Quelles sont les causes de la violence faite aux femmes ?
Toute femme, peu importe les circonstances de sa vie, risque d’être victime de violence. Selon les statistiques, certains facteurs peuvent, de façon directe ou indirecte, augmenter les risques de la femme d’être maltraitée. Sans être nécessairement des causes directes de violence, ces facteurs de risque sont associés à la violence et augmentent la probabilité d’actes violents.
Bien que la violence à l’encontre des femmes soit un phénomène universel, nombreuses sont celles qui sont victimes de formes spécifiques de violence en raison de certains aspects de leur identité. Plus les femmes sont jeunes, illettrées et pauvres, plus elles constituent des proies faciles et plus elles ont de mal à s’organiser pour lutter en faveur du changement.
Il existe de nombreuses théories et des divergences d’opinions sur les causes de la violence, mais aucune explication définitive n’a encore été formulée. De l’avis de bien des spécialistes, la répartition déséquilibrée du pouvoir entre les femmes et les hommes dans la société, depuis longtemps, continue d’être un facteur central. Ils relient les mauvais traitements et les actes de violence envers les femmes à la réalité sociale et économique de ces dernières, c’est-à-dire à toutes les attitudes discriminatoires, aux valeurs, aux comportements, aux structures et aux institutions qui rabaissent, isolent et marginalisent les femmes.
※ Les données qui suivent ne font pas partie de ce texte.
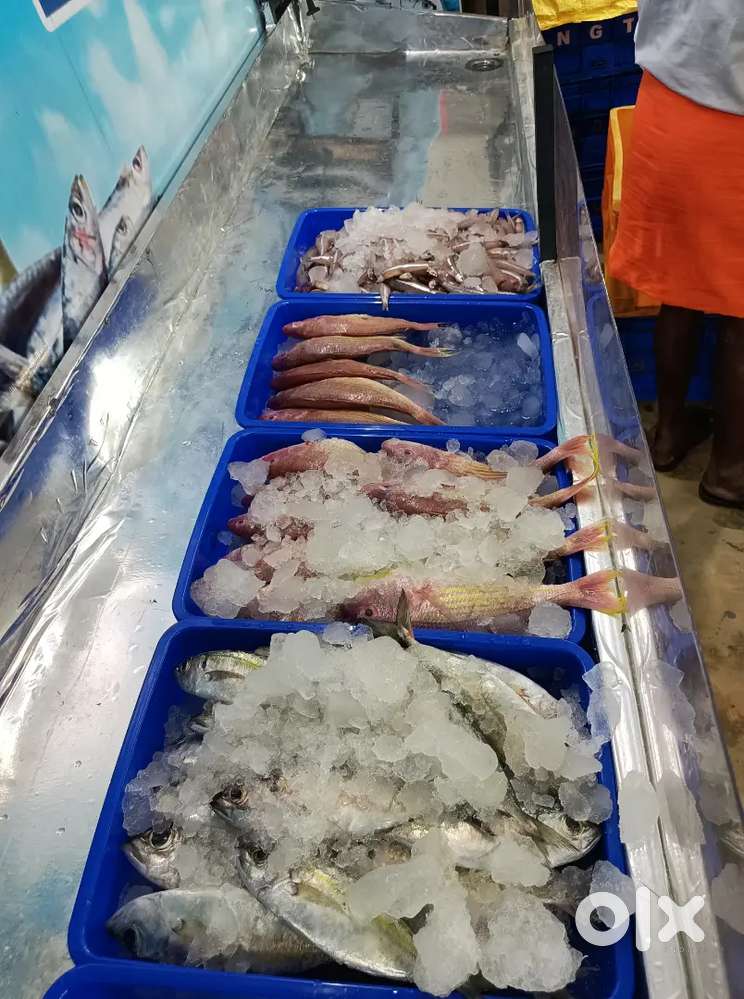 Required Fish cutting ladies staff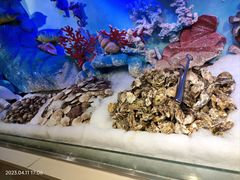 -比尔森韩式烤肉自助(国商店)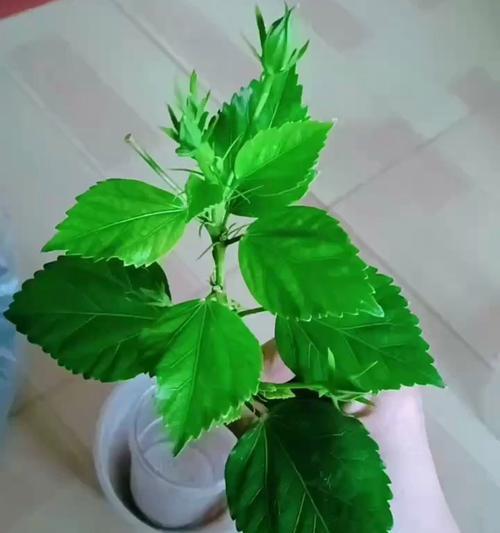 木槿修剪枝条的最佳时机是什么时候？修剪后如何护理？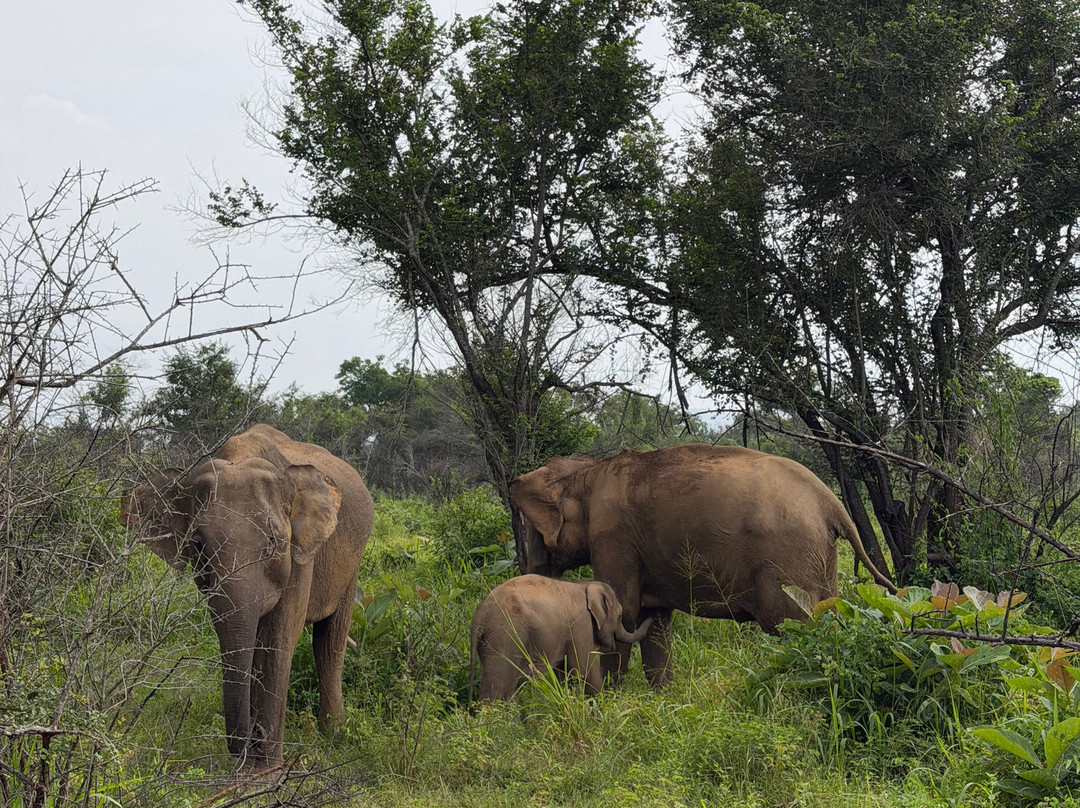 WaygeTravel-Uswetakeiyawa必去景点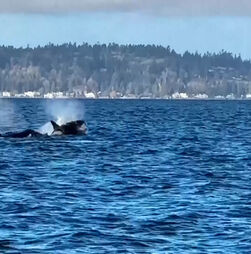 Orcas encantam junto a Seattle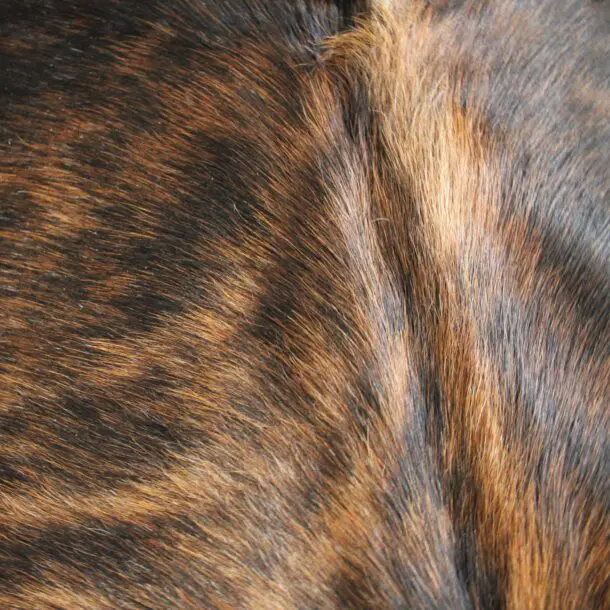 Cowhide Rug Exotic C01091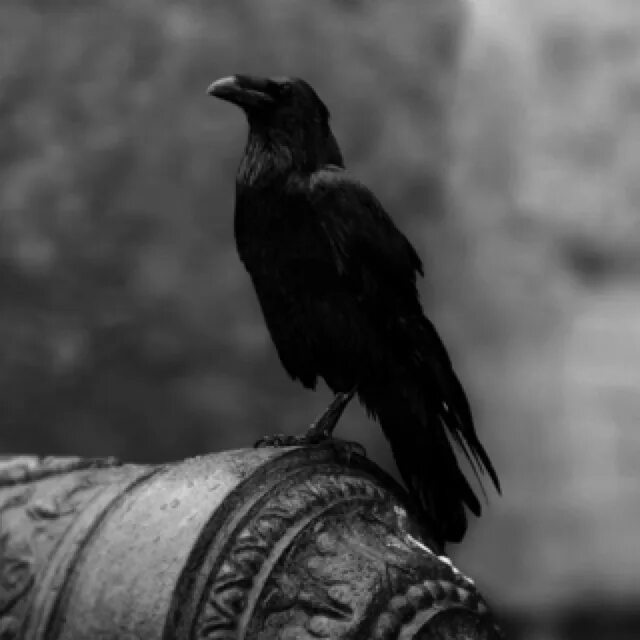 Corvus corax птица. Снежный ворон. Рейвен птица. Ворон арт. Черный ворон он.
Pauvreté, manque d’éducation, jeunesse sont aussi autant de facteurs aggravants de la discrimination à l’égard des femmes. Quelle que soit la cause, aucune circonstance ni aucune situation ne justifient le recours à la violence. Chaque personne a la responsabilité de mettre fin à la violence et d’apprendre à former et à maintenir des relations saines.
A votre avis, la perception sociale de la femme est-elle incriminable ?
Le code de la femme qui infériorise encore la femme et renie le principe même de l’égalité des sexes en Algérie, reconnue par la constitution, en est la preuve tangible du statut qu’accorde la société algérienne à cet individu. L’ordre social algérien est un ordre de domination du féminin par le masculin, selon un système structuré. La femme considérée comme «second sexe» subi au quotidien des violences souvent tolérées par le corps social.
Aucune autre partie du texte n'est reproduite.